One of the best known soups in Portuguese cuisine is caldo verde, which has originated in the province of Minho. It is made with finely shredded collard greens, pureed potatoes, olive oil and a few slices of chouriço or pork sausage. In some variants it also takes presunto, hard ham, and it should be eaten together with broa or corn bread.
This is a truly peasant soup, as its ingredients may all easily come from the small farms that are characteristic of the area. It is somewhat related to the Azorean cabbage soup or caldo de couves. Incidentally, another typical Azorean soup is the sopa de funcho, or fennel soup.

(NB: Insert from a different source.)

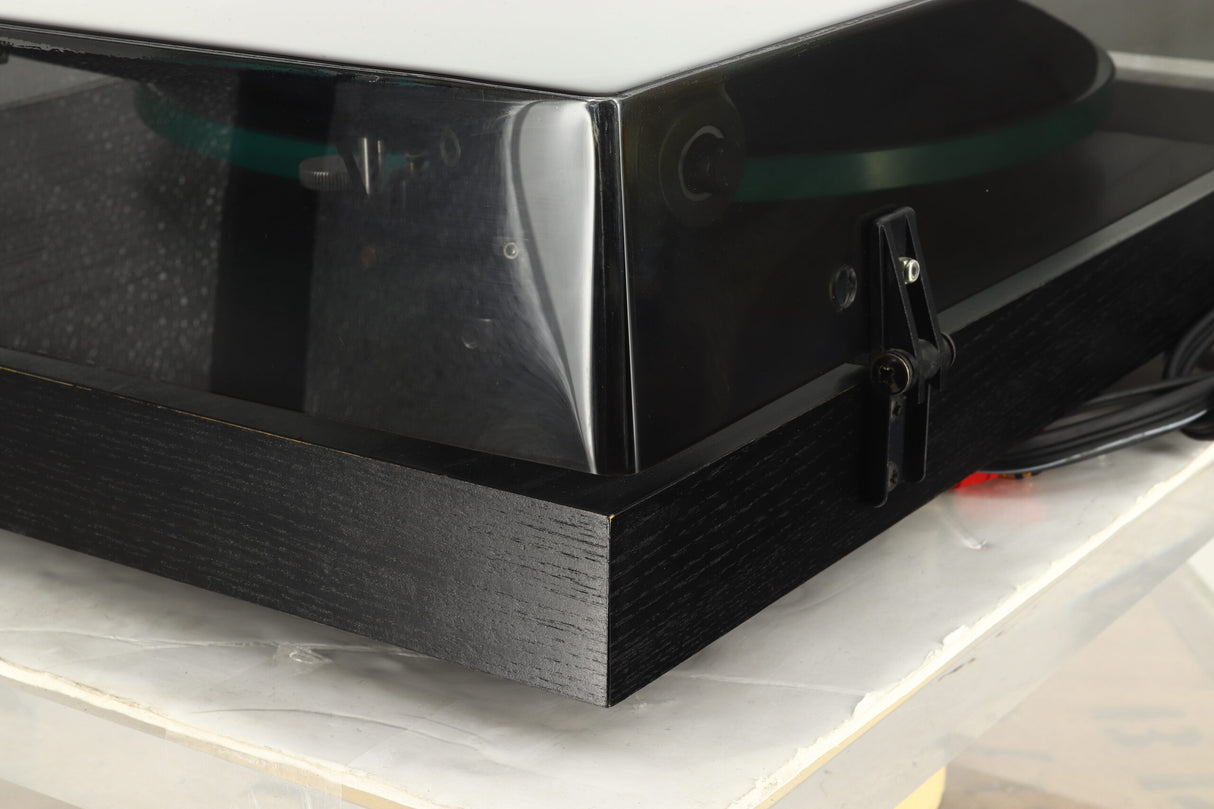 Manticore Mantra Turntable / Linn K9 Cartridge - Black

Canja is a chicken broth with rice and gizzards. In old times it would also include the underdeveloped eggs often found inside the chicken killed for the occasion. Since its name is of Asian origin, either Concani or Malay, it is to be presumed that the recipe was brought to Portugal by sixteenth century navigators.
Chicken soup, like in other areas, was considered a good cure for the flu or other ailments. "Cautela e caldos de galinha nunca fizeram mal a ninguém", which translates as caution and chicken soup never brought harm to anybody, is a popular saying reflecting this practice.
Considering traffic in an opposite direction, bean soup was brought to Hawaii by Portuguese immigrants and is now a regular item on the menus of many restaurants.
Sopa de pedra or rock soup is typical of the Almeirim area, on the left bank of the Tagus river. It contains vegetables, meat, sausage and practically anything else the cook will fancy. And a rock in the middle of each dish.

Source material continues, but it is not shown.